Key Highlights
- RBI’s special panel proposes 7 “Sutras” for ethical AI in finance
- India pushes for homegrown AI models and a regulatory sandbox to boost fintech growth
- AI investments in finance to hit $97 billion by 2027
According to the latest report, the Reserve Bank of India (RBI)’s special panel proposed a framework for Responsible and Ethical Enablement of Artificial Intelligence (FREE-AI) in the Financial Sector on August 13.
“For an emerging economy like India, AI presents new ways to address developmental challenges. Multi-modal, multi-lingual AI can enable the delivery of financial services to millions who have been excluded. When used right, AI offers tremendous benefits. If used without guardrails, it can exacerbate the existing risks and introduce new forms of harm,” stated in the RBI’s report.
The report proposed by the high-level committee put weight on innovation with safeguards to protect consumers and ensure financial stability.
The latest Stanford AI Index Report 2025 reveals that artificial intelligence has surpassed human performance in nearly all benchmarked tasks, from coding and image generation to medical diagnostics.
According to a report, Open-source AI models are now almost as capable as their proprietary counterparts, reducing the performance gap from 8% to just 1.7% in a single year.
Compact AI models like Microsoft’s Phi-3-mini now match the performance of earlier giants like PaLM, achieving the same benchmark scored with 142x fewer resources.
RBI’s Committee Proposes 7 “Sutras”
Based on extensive research and industry consultations, RBI’s panel identifies seven core principles, called “Sutras”, to guide banks, fintech firms, and regulators in deploying AI.
- Trust is the Foundation
- People First
- Innovation over Restraint
- Fairness and Equity
- Accountability
- Understandable by Design
- Safety, Resilience and Sustainability
RBI’s Six-Pillar Strategy for AI in Finance
The panel suggests two different focuses, boosting innovation while tightening risk controls, across six key areas. These pillars address both the opportunities and risks of AI in banking and digital payments.

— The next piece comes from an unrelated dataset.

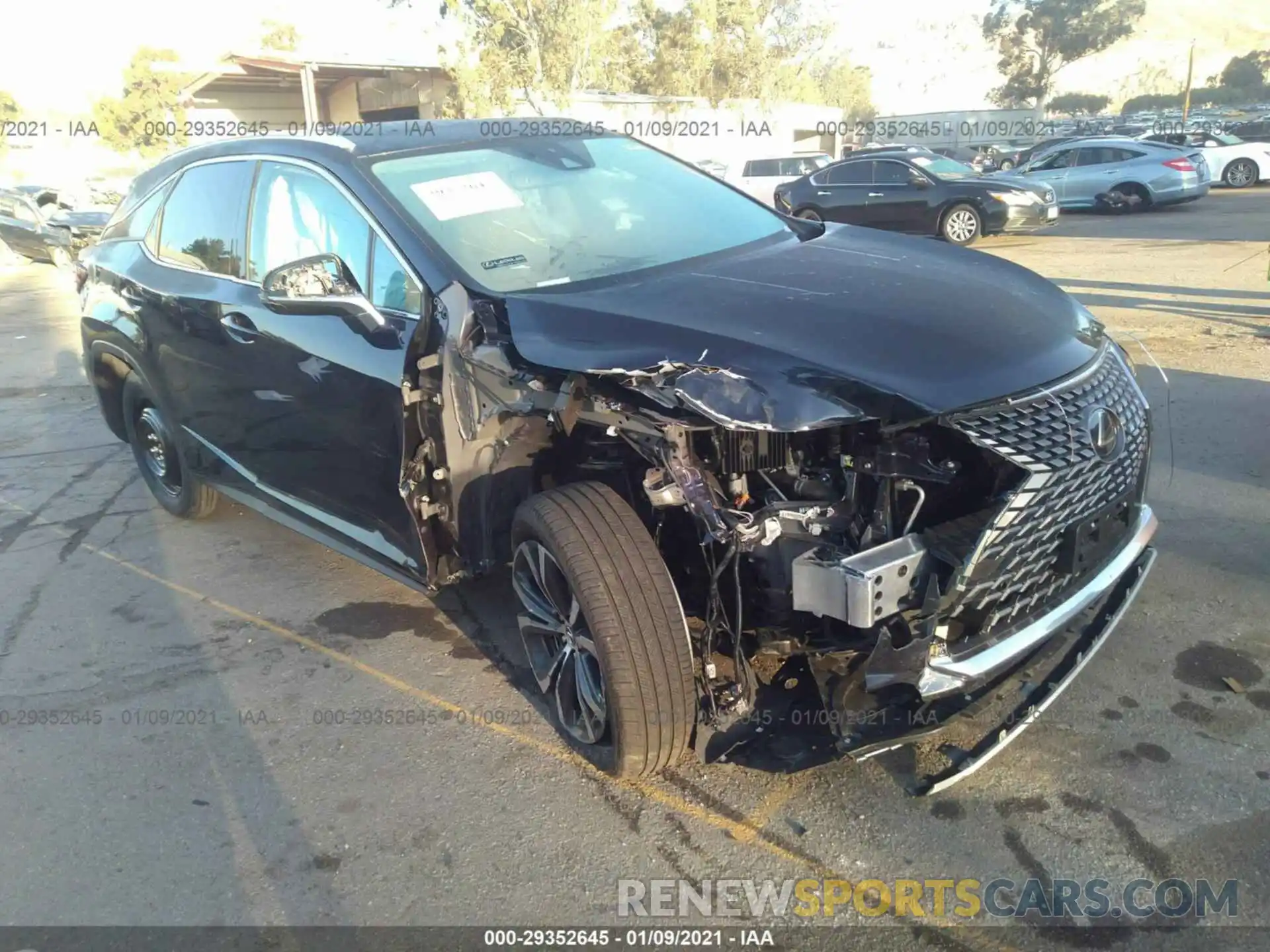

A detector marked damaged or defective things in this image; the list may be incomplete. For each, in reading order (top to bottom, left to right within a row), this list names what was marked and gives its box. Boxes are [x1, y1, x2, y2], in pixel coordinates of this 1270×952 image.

crumpled hood [503, 225, 1101, 426]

On the innovation front, the report pushes for better infrastructure, smarter policies, and stronger skills. It calls for shared public data and computing resources to help startups and smaller firms compete with big players.

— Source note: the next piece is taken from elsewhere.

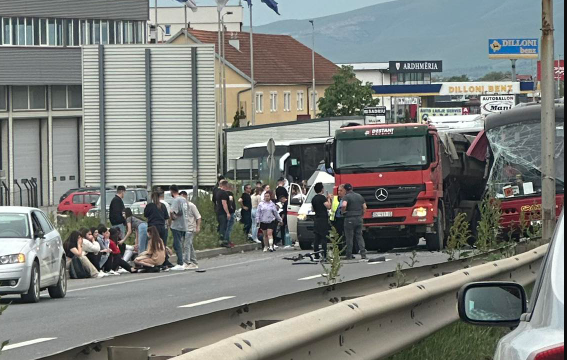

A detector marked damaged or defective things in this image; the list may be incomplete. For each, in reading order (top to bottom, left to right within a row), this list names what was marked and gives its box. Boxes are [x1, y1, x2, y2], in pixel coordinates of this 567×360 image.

shattered glass [486, 121, 564, 200]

A dedicated AI sandbox would allow controlled testing of new tools under regulatory oversight. To reduce dependence on foreign tech, the panel advocates developing homegrown AI models designed to meet India’s financial needs.

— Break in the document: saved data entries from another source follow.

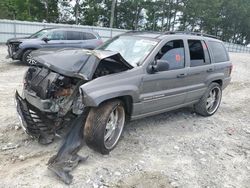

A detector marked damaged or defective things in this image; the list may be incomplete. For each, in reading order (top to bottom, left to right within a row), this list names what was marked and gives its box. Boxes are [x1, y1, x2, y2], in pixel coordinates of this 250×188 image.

crumpled hood [31, 48, 133, 79]
shattered windshield [97, 35, 158, 66]
detached bumper piece [15, 90, 55, 144]
crushed front end [15, 66, 86, 144]
damaged gray suv [15, 32, 232, 156]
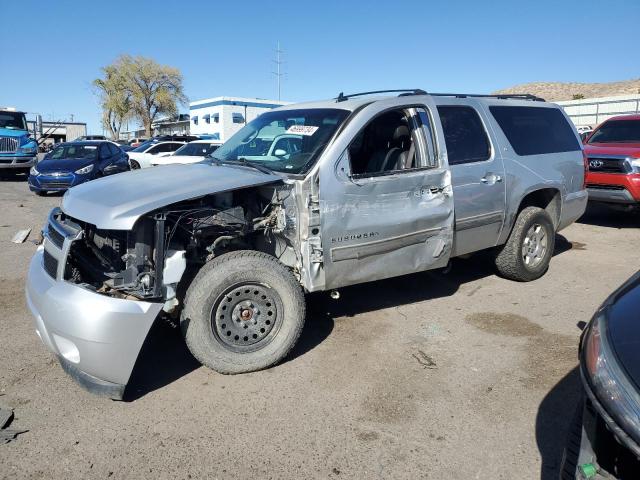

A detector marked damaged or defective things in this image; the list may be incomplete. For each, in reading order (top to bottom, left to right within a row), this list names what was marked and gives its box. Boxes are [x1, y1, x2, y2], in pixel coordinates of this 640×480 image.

The RBI also suggests a more flexible regulatory approach for low-risk AI applications, particularly those aiding financial inclusion, so that compliance does not resist progress.
The financial sector around the world is racing to adopt artificial intelligence (AI), with investments expected to surge beyond $97 billion across banking, insurance, and payments by 2027, according to a World Economic Forum (2025) report.
Experts say that AI will soon become a major driver of revenue growth, with the generative AI segment alone expected to hit $12 billion by 2033 by growing at a whopping rate of 28-34% annually.
From chatbots to fraud detection, financial firms are increasingly embedding AI into customer service, automation, and risk management. The OECD notes that a wide range of institutions, from global banks to fintech startups, are already developing or deploying AI solutions.
“In developing economies like India, where millions remain outside the ambit of formal finance, AI can help assess creditworthiness using non-traditional data sources such as utility payments, mobile usage patterns, GST filings, or e-commerce behaviour, thereby including “thin-file” or “new-to-credit” borrowers. AI-powered chatbots can offer context-aware financial guidance, grievance redressal, and behavioural nudges to low-income and rural populations. Voiceenabled banking in regional languages has the potential to allow illiterate or semiliterate individuals to access finance,” stated in the report.
Many governments are currently planning to integrate AI models into their existing infrastructure. Recently, Anthropic, the company behind the powerful Claude AI, announced that it is offering its chatbot to every federal agency for a flat $1 fee per year
AI’s integration can also introduce a minefield of new risks that could damage market stability and consumer trust.
For example, sometimes, AI models operate as inscrutable decision-makers, which makes it nearly impossible to explain why they reject loans, flag transactions, or set credit limits. Additionally, issues like hallucinating in generative AI can fabricate false financial advice to users.